Absence of gland openings gv2 seems to be a stable apomorphy (however it is shared with many other genera) as it lacks in every Prozercon species I have ever observed. It serves as a basis for distinguishing the genera Aleksozercon Petrova, 1978 (where a single opening of gv2 present) and Prozercon , while these genera share all other important characters. The single species Aleksozercon zachvatkini Petrova, 1978 is quite similar in general appearance to Prozercon species. It is important to mention that the major distinctive feature in Petrova’s original description was the partial (apparent?) fusion of the opisthonotal and podonotal shields in Aleksozercon . The same phenomenon can be observed in P. semiseparatus Ujvári, 2009 , but the latter lacks gv2. Apparent fusion of the dorsal shields seems to be a rare apomorphy, which may have evolved independently in both groups as a homoplasy, but further observation of Aleksozercon specimens would be necessary for a firm decision. There is a species, Mesozercon changbaiensis ( Bei et al., 2002) comb. nov., which was previously described as Prozercon , which possess conspicuous pores gv2 and ventrianal setae ZV 1. I propose that this species should be transferred to the genus Mesozercon Błaszak, 1976 , inasmuch as the posterodorsal muscle scars are unsclerotised and not conspicuous, therefore “dorsal cavities” characteristic for most of the Zerconidae genera are lacking, which is a relatively rare apomorphy in the family. Furthermore, other major characters of this species agree with Mesozercon , except the shape of setae r1, which is plumose in M. changbaiensis and smooth in other Mesozercon species.

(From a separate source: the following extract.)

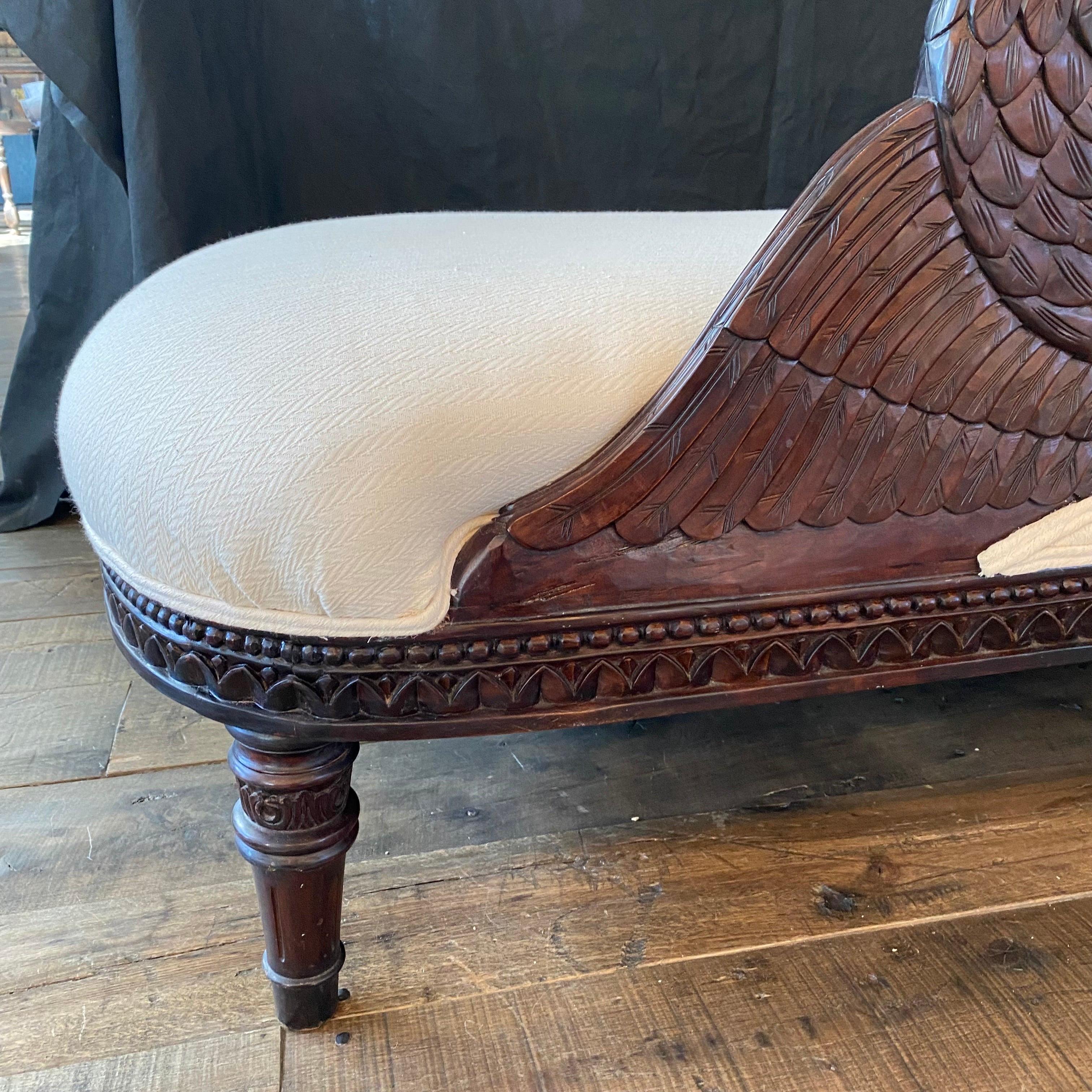 Fauteuil de repos longue à col de cygne de style Empire français néoclassique du 19ème siècle 3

The number of opisthomarginal setae often varies individually, even within a specimen, and asymmetry of this character is quite common in zerconid mites. In Prozercon , this number varies between five and nine, but specimens with five, six and nine pairs of marginal setae can be considered as aberrant. Observing several specimens of each species it is clear that basically two groups exist, the first one generally bears seven pairs of marginal setae (six R-setae), the second one generally bears eight pairs (seven R-setae). From a zoogeographic point of view it is important to note that most of the species bearing generally seven pairs of opisthomarginal setae are distributed only in the Mediterranean area, with the exception of P. sellnicki Halašková, 1963 , which occurs in an area extending to Central Europe as well. Prozercon species with eight pairs of opisthomarginal setae are distributed from the boreal to the Mediterranean zone of Europe and West-Asia.